Toward Revolutionary Resistance
As queer revolutionaries in Leiden, we need instead to embrace freedom as a fight towards the end of this abusive system once and for all. We join the call by Shell Must Fall for the dismantlement of Shell, and we too call for its dismantlement, as well as to dismantle every other corporation. For there is no space for the liberation of LGBTQ+ people there where the principle of profit maximization, the authoritarian control of people, and a total disregard for the protection of and respect for our land, are ruling. With the result that, there cannot be pride on a dead planet, and, more crucially, there cannot be climate justice outside of the queer liberation movement.
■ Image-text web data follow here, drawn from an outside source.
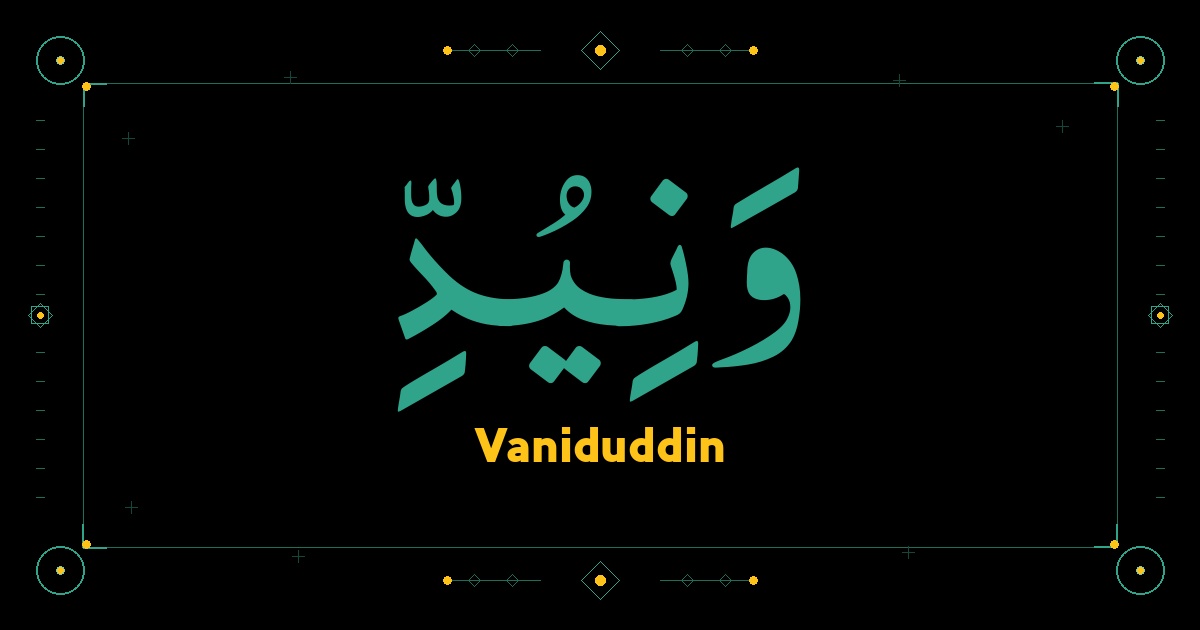 Vaniduddin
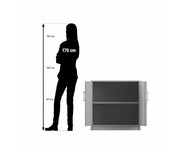 Flexeo® Drehtüren Schrank 2 Fächer = 2 Ordnerhöhen 4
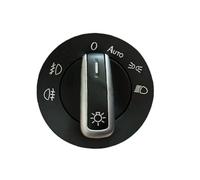 LFDTO LED COCHE AUTO faro interruptor luz antiniebla botón de control del tablero apto for VW en forma for TIiguan Scirocco Alhambra en forma for Golf Plus en forma for Passat B6 B7 Accesorios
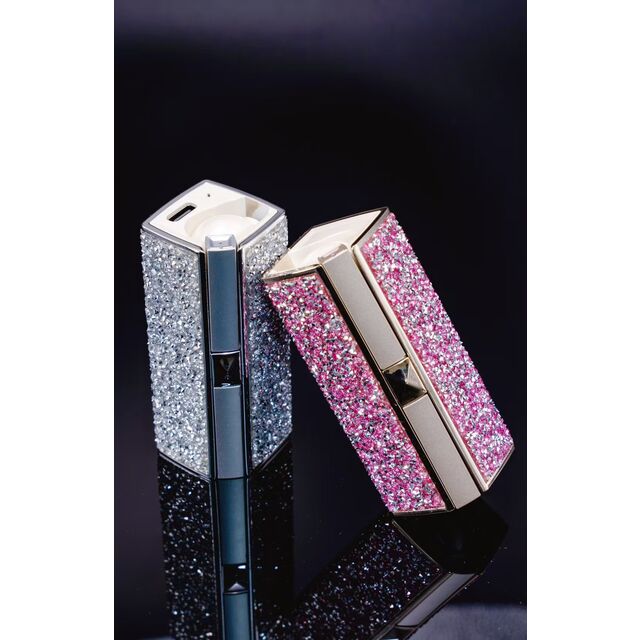 Écouteurs Bluetooth Sans Fil TWS en Forme de Rouge à Lèvres Bling Bling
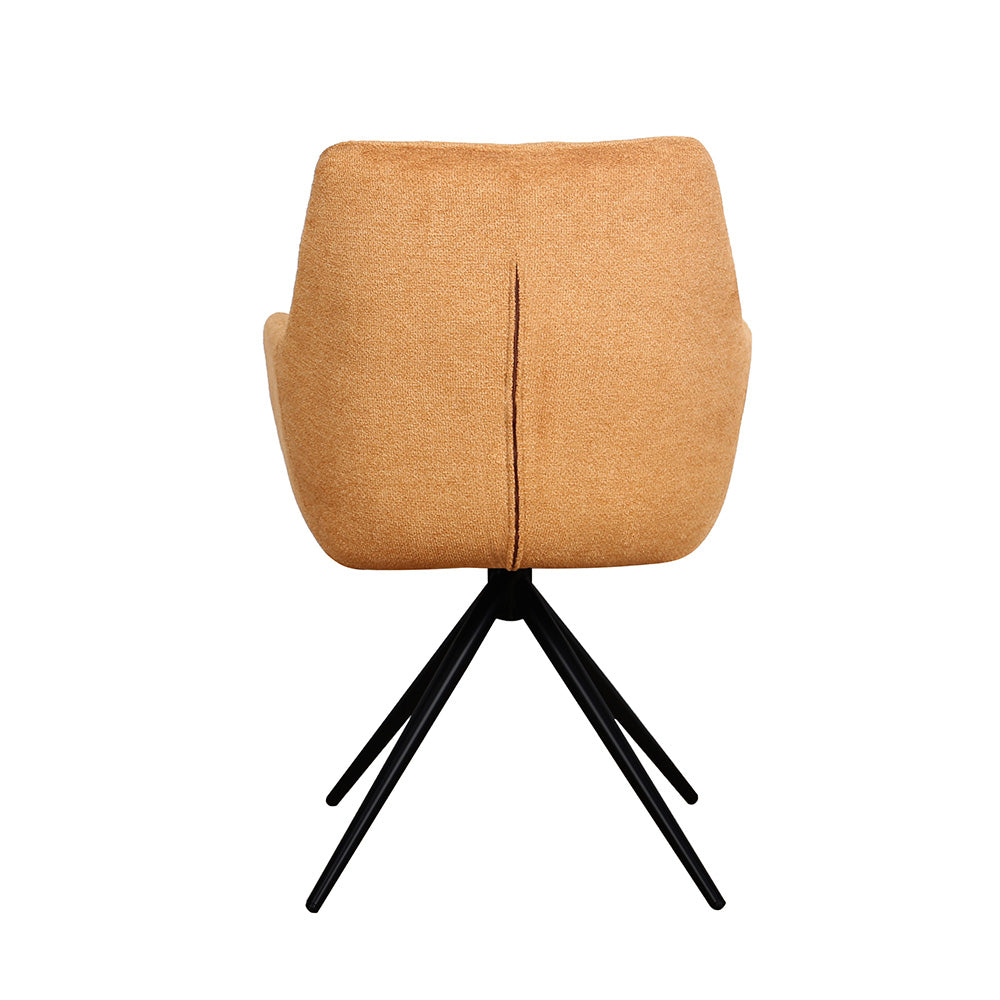 Aya spisebordsstol med armlæn og drejefunktion - Møbelkompagniet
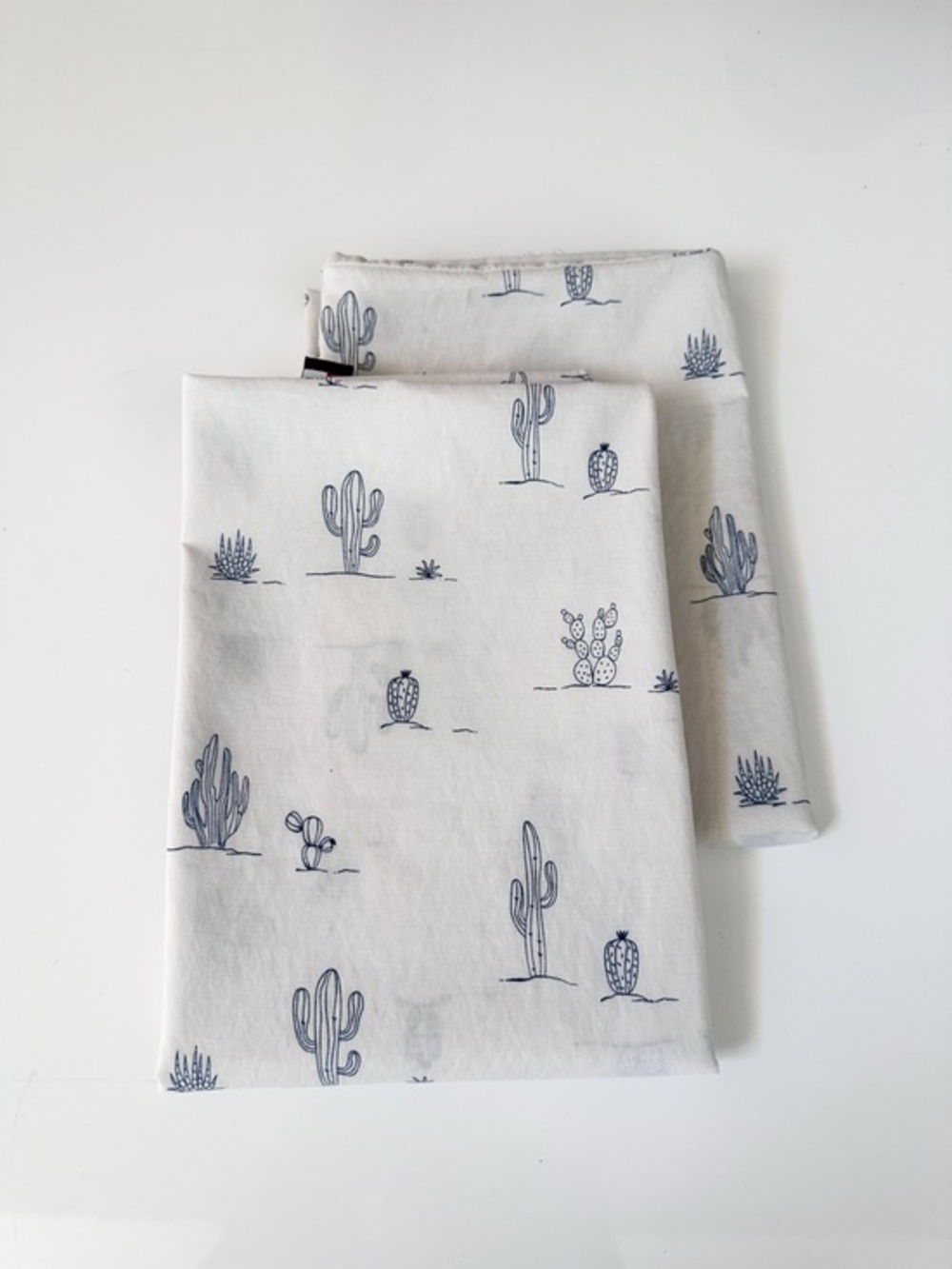 Tommy Hilfiger Cactus Print Pillowcases | Set of 2 Standard | Boho Desert Print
Even though dismantling corporations will function as a tipping point for the end of all other forms of abuse, we are aware that this victory alone will not suffice. The Dutch healthcare system, the IND, and public universities we talked about in the first article are afflicted by their own flaws, which we ought to address and dismantle in conjunction with Corporations. Hence, we call for universal healthcare and open borders. Moreover, we believe that knowledge belongs to all of humanity, and should not be privately owned, patented or used for profit, but to further human liberation and care.
We also must realize that we as LGBTQ+ people are not alone in this fight, as working-class people, black people, indigenous people, women, sex workers, people with disabilities, and all other oppressed communities around the world are victims of the same system the perpetrates murder, rape, and exploitation against us, and together with them we have long waged war against our oppressors.
Our freedom is a constant struggle of all the people, from all oppressed communities, here in the Netherlands as elsewhere, now as then. On this awareness we ought to build our revolutionary resistance. It is time to unite our movements and bring about revolutionary change for all. This is what we will explore in the third article of this series, Revolution.
Intersectional Rage
Notes
- * Professor Lee Badget will soon be giving a keynote speech at Leiden University, in occasion of the conference “LGBTIQ+ Workplace Inclusion 2021”, organized by Workplace Pride.
- ** Mazzucato, M. (2013). The Entrepreneurial State: debunking public vs. private sector myth. Anthem Press.